The Chinese Communist Party’s (CCP’s) mouthpieces have been busy smearing rights lawyers, rights advocates, and petitioners. Its guiding principle is identical to what drove the smear campaign against Falun Gong in 1999, only it is not as overwhelming and not as powerful today.

In these smear articles, the hired pens, which want to play the role of the Nazi’s Schutzstaffel [the elite military of the Nazi Party, also known as the SS] in defending the CCP, present “public security” officers as the “people’s police,” while labeling human rights, its widespread appeal, and the public response as “hype.” The CCP also mixes up organization with organized crime so as to fool the public. Of course, the CCP is most fearful of people organizing themselves to resist its brutal rule. Any dictator would harbor the same fear.

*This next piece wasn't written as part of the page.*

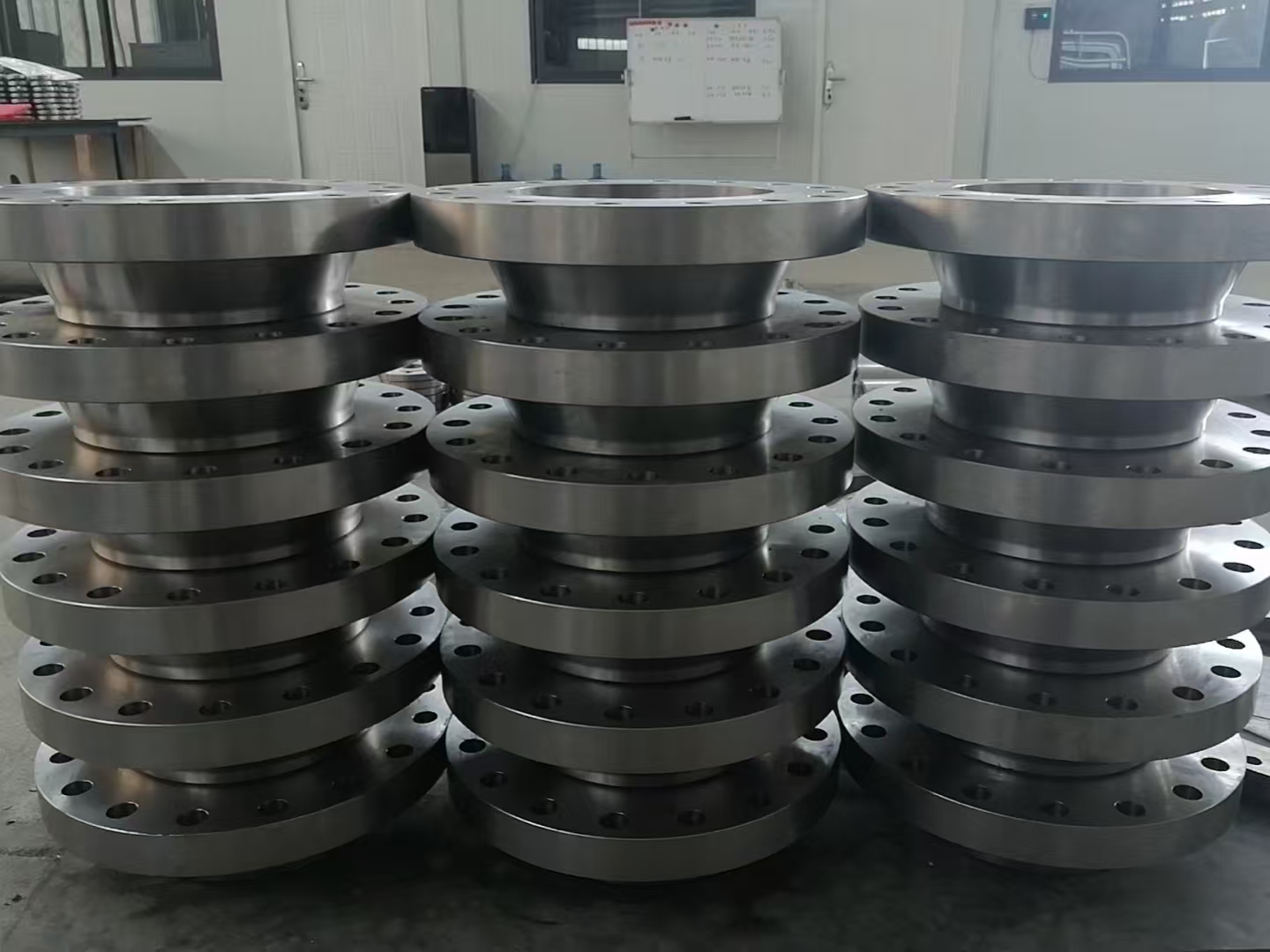 Titanium flange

The CCP knows very well its usurped power has no justification or legitimacy in modern society. Only lies and violence can sustain such a regime. It is not able to do things openly, based on facts and convince people with reasoning. It feels that as long as people, out of fear, dare not care about other people’s business, and dare not confront its rule in an organized form, its autocratic regime can then be sustained.

To put it simply, the most significant advantage of socialism is that the CCP can be organized and can mobilize itself to crush single-handed dissidents. I think this is the fundamental source and basis of its so-called three confidences in its theory, road, and system. [2]

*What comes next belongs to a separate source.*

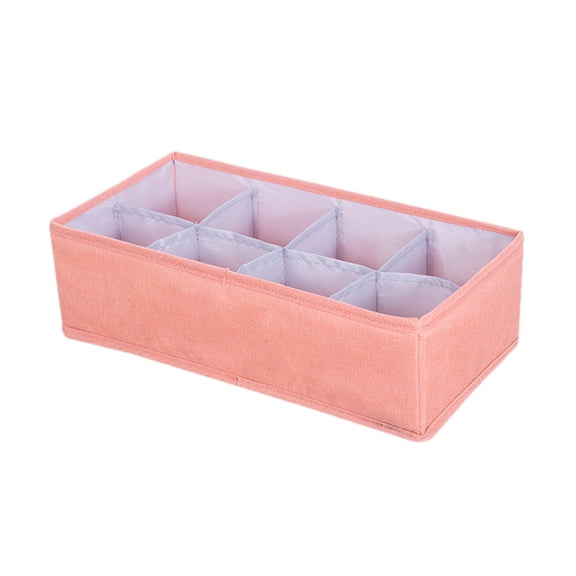 Home Textile Storage,Linen 8 Lattice Finishing Box Underwear Storage Box Folding Storage Bag Washable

Is organization the same as organized crime? Apparently it is not. Article 22 of UN’s International Covenant on Civil and Political Rights [3] states:

“1. Everyone shall have the right to freedom of association with others, including the right to form and join trade unions for the protection of his interests.

2. No restrictions may be placed on the exercise of this right other than those which are prescribed by law and which are necessary in a democratic society in the interests of national security or public safety, public order (ordre public), the protection of public health or morals or the protection of the rights and freedoms of others. …”

Based on international laws and norms, any government that restricts its citizens’ freedom and their rights of free association is itself committing a crime. The CCP regime signed the UN’s International Covenant in 1998. It has refused to put it into practice. Even worse, it has been constantly violating international law, conducting arbitrary abductions, arrests, and torture, and has been infringing on its citizen’s basic human rights.

Days after the newly issued National Security Law (which should be called the CCP Security Law) took effect on July 1, the CCP rushed to launch a nationwide campaign to round up rights lawyers, rights advocates, and petitioners. After the arrest of two rights lawyers, Wang Yu and Zhou Shifeng, other lawyers were subsequently taken into police custody, including Li Heping, Xie Yang, Sui Muqing, and Wang Quanzhang. The total number of rights lawyers, rights advocates, and petitioners arrested has risen to nearly 300. They have been denied the right to meet with their lawyers. Even lawyers who demanded meetings with them received threats that they too would face arrest, as well as their families.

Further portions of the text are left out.